What's with the outlier? Let's try to figure it out...

In [36]:

# Let's peek at the offending row
math_7th[math_7th['Mean.Scale.Score'] < 300]

Out[36]:

	County.Code	County.Name	Test.Id	Test.Name	Grade	Students.Tested	Mean.Scale.Score	Count.Test.Grade	Pct.Test.Grade	Population	per.capita.income	median.household.income	median.family.income	Spend	ADAttend	Spend.Per.ADA
2918	46	Sierra	8	CST Mathematics	7	27	259.5	393811	0.000069	3277	26137	50308	56469	4739373	354	13391

Only 27 students tested, that doesn't seem like very many. Let's see how it compares to other counties.

In [37]:

math_7th.plot(x='Students.Tested', y='Mean.Scale.Score',
              kind='scatter', logx=True)

Out[37]:

<matplotlib.axes._subplots.AxesSubplot at 0x10a231710>

So Sierra seems to be a legit outlier. Let's remove it from our analysis.

In [38]:

math_7th = math_7th[math_7th['County.Name'] != 'Sierra']
math_7th.plot(x='median.family.income', y='Mean.Scale.Score', kind='scatter')

Out[38]:

<matplotlib.axes._subplots.AxesSubplot at 0x10a8ed9b0>

In [39]:

# Let's fit a linear model to our data
y = math_7th['Mean.Scale.Score']  # response
X = math_7th['median.family.income']  # predictor
X = sm.add_constant(X)  # Add a constant term to the predictor
# The actual fitting happens here
est = sm.OLS(y, X)
est = est.fit()
est.summary()

Out[39]:

OLS Regression Results
Dep. Variable:	Mean.Scale.Score	R-squared:	0.298
Model:	OLS	Adj. R-squared:	0.285
Method:	Least Squares	F-statistic:	22.93
Date:	Thu, 26 Feb 2015	Prob (F-statistic):	1.35e-05
Time:	22:58:08	Log-Likelihood:	-212.31
No. Observations:	56	AIC:	428.6
Df Residuals:	54	BIC:	432.7
Df Model:	1

	coef	std err	t	P>\|t\|	[95.0% Conf. Int.]
const	332.0775	6.059	54.808	0.000	319.930 344.225
median.family.income	0.0004	8.87e-05	4.788	0.000	0.000 0.001

Omnibus:	0.749	Durbin-Watson:	1.990
Prob(Omnibus):	0.688	Jarque-Bera (JB):	0.280
Skew:	0.142	Prob(JB):	0.869
Kurtosis:	3.197	Cond. No.	2.84e+05

In [40]:

# Let's plot the regression line on top of the data
x_ = np.array([X.min(), X.max()])
y_ = est.predict(x_)
math_7th.plot(x='median.family.income', y='Mean.Scale.Score', kind='scatter')
plt.plot(x_[:, 1], y_, 'r-')

Out[40]:

[<matplotlib.lines.Line2D at 0x10ad8d320>]

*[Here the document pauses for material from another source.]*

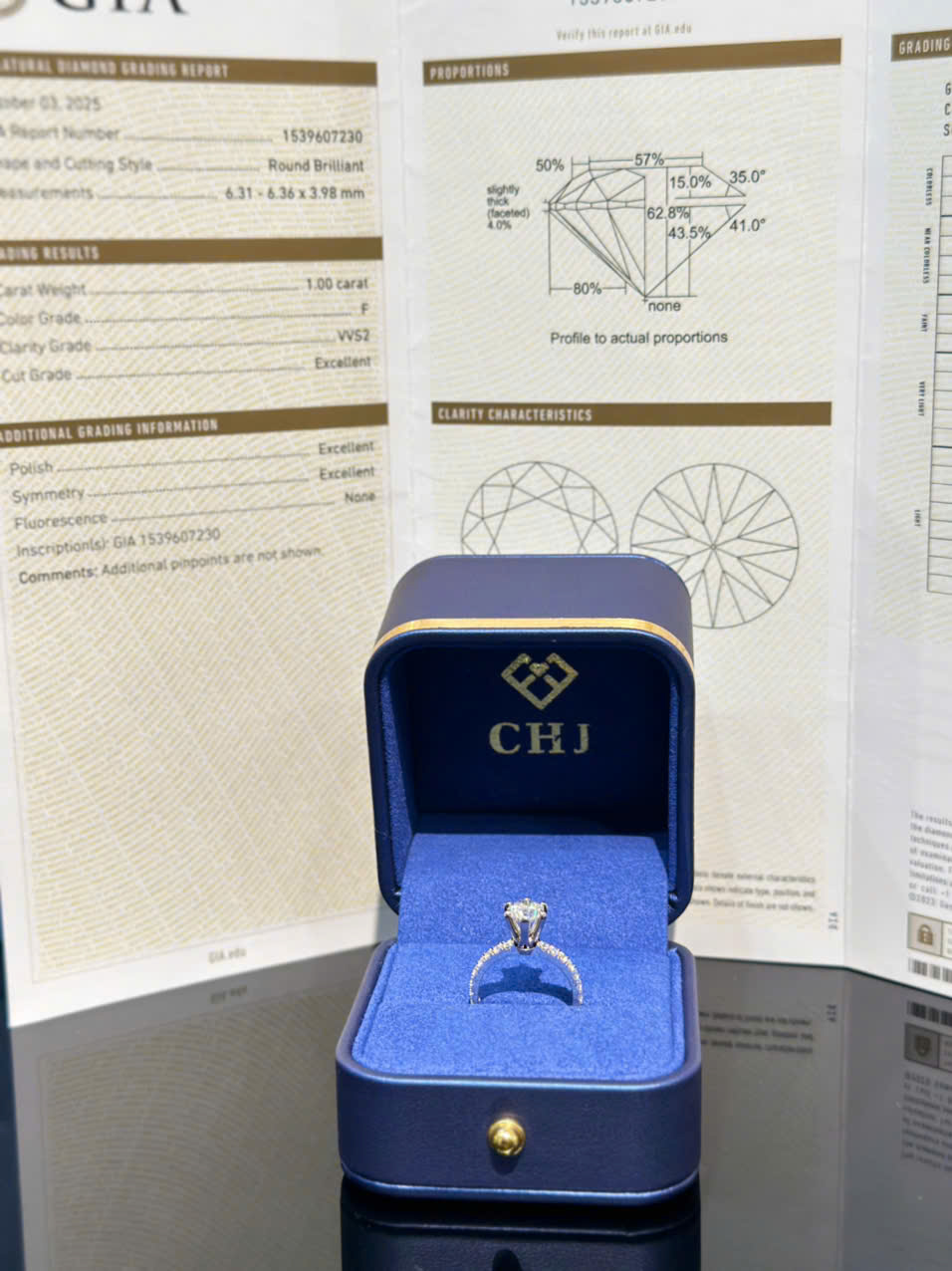 Nhẫn Kim Cương _thumbnail_3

What's the effect of spending on 7th grade math scores?¶

In [41]:

math_7th.plot(x='Spend.Per.ADA', y='Mean.Scale.Score', kind='scatter')

Out[41]:

<matplotlib.axes._subplots.AxesSubplot at 0x10b1e3748>

In [42]:

# Let's fit a linear model to our data
y = math_7th['Mean.Scale.Score']  # response
X = math_7th['Spend.Per.ADA']  # predictor
X = sm.add_constant(X)  # Add a constant term to the predictor
# The actual fitting happens here
est = sm.OLS(y, X)
est = est.fit()
est.summary()

Out[42]:

OLS Regression Results
Dep. Variable:	Mean.Scale.Score	R-squared:	0.064
Model:	OLS	Adj. R-squared:	0.047
Method:	Least Squares	F-statistic:	3.691
Date:	Thu, 26 Feb 2015	Prob (F-statistic):	0.0600
Time:	22:58:09	Log-Likelihood:	-220.37
No. Observations:	56	AIC:	444.7
Df Residuals:	54	BIC:	448.8
Df Model:	1

	coef	std err	t	P>\|t\|	[95.0% Conf. Int.]
const	336.2436	12.602	26.682	0.000	310.979 361.509
Spend.Per.ADA	0.0026	0.001	1.921	0.060	-0.000 0.005

Omnibus:	0.563	Durbin-Watson:	2.081
Prob(Omnibus):	0.755	Jarque-Bera (JB):	0.697
Skew:	0.142	Prob(JB):	0.706
Kurtosis:	2.533	Cond. No.	6.92e+04

In [43]:

# Let's plot the regression line on top of the data
x_ = np.array([X.min(), X.max()])
y_ = est.predict(x_)
math_7th.plot(x='Spend.Per.ADA', y='Mean.Scale.Score', kind='scatter')
plt.plot(x_[:, 1], y_, 'r-')

Out[43]:

[<matplotlib.lines.Line2D at 0x10b184a20>]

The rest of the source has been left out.